Jamie Flinchbaugh doesn’t like sports metaphors, but I can’t resist one here. Usain Bolt  is the fastest man alive. Let us assume somebody publishes a book entitled “The Running Secrets of Usain Bolt.” How Usain Bolt actually trains is probably not trivial and certainly involves sustained effort and ferocious discipline. The author of the book, however, is concerned that a stern, eat-your-vegetables message would hurt sales, and focuses instead on easier topics, like shoes. As a result, kids flock to shoe stores thinking that wearing these shoes will make them fast, but the real ones are too expensive, so they buy cheap imitations instead. Six months later, based on their responses, a survey concludes that Usain Bolt’s methods don’t work.
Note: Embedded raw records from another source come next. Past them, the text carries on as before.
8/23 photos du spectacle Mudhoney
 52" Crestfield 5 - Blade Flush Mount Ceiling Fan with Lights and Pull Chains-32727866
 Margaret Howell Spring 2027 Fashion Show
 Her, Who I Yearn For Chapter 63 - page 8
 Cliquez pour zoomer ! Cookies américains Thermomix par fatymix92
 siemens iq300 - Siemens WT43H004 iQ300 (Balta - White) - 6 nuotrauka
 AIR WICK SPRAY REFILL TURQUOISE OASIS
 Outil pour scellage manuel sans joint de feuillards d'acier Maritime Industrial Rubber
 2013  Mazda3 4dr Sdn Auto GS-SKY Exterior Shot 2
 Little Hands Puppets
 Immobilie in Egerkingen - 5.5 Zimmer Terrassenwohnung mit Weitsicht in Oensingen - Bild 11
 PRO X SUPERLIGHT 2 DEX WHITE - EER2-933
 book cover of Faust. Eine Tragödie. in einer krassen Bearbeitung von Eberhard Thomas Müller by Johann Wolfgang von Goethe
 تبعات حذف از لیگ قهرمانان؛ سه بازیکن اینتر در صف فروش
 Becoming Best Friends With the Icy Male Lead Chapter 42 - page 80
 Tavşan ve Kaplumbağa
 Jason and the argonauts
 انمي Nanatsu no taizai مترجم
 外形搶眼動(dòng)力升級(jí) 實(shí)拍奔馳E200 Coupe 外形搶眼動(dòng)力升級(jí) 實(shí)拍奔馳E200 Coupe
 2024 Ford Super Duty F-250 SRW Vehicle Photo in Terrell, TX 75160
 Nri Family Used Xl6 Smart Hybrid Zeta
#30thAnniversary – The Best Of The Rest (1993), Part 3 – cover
Most Lean programs today are to serious implementations as cheap imitation shoes are to the training of Usain Bolt. Where they may succeed is in ruining the reputation of Lean. It is bound to happen sooner or later. As a brand, Lean has had a 22-year run so far, already longer than I expected.

# Should a lean transformation program ever end?

On LinkedIn, Patrick Courtney asked the following question: “In your experience, with a Lean transformation program when can the program become a waste? Is there a tipping point? Please share your experiences and wins.”

Let us assume we are talking about a successful Lean transformation with a program office, headed by a lean champion and including a small group of project facilitators. The question then is whether there is a point beyond which this organization is unnecessary.

That a Lean transformation is successful means that practices from daily operations on  the shop floor to strategic planning in the board room are more effective and efficient as a result of Lean, as evidence in business performance. At that point, people in the organization no longer refer to “Lean tools,” but simply to “the way we do things.” What was a change requiring adaptation is the new normal.

In principle, once Lean practices are assimilated into the company’s standard mode of operations, a program office is no longer necessary. In reality, there are some functions for which continued, organized support is necessary, such as the following:

1. Continuous improvement. If continuous improvement is carried out through a system of circles or individual suggestions, then a structure will be needed to manage it and organize periodic conferences and award ceremonies.
2. External certification. If the company is a part supplier, it may need to maintain its status as a “certified Lean” with some OEMs, and resources are needed to host audits and make sure that actions are taken as needed to ensure compliance.
3. Supplier support. Companies that are successful at Lean commonly endeavor to pass their skills on to suppliers in exchange for price breaks, which requires a team of engineers.

Some people will remain involved with Lean, but in other roles than during the initial implementation, and often elsewhere on the organization chart. More generally, a successful change program should eventually fade away. For example, the pursuit of Total Quality Control (TQC) was a program in major Japanese manufacturing companies until the mid 1970′s, when all of them had received a Deming Prize. Then it  gradually lost visibility, as everything they had learned from this program was integrated in normal operations and its principles had become part of the culture.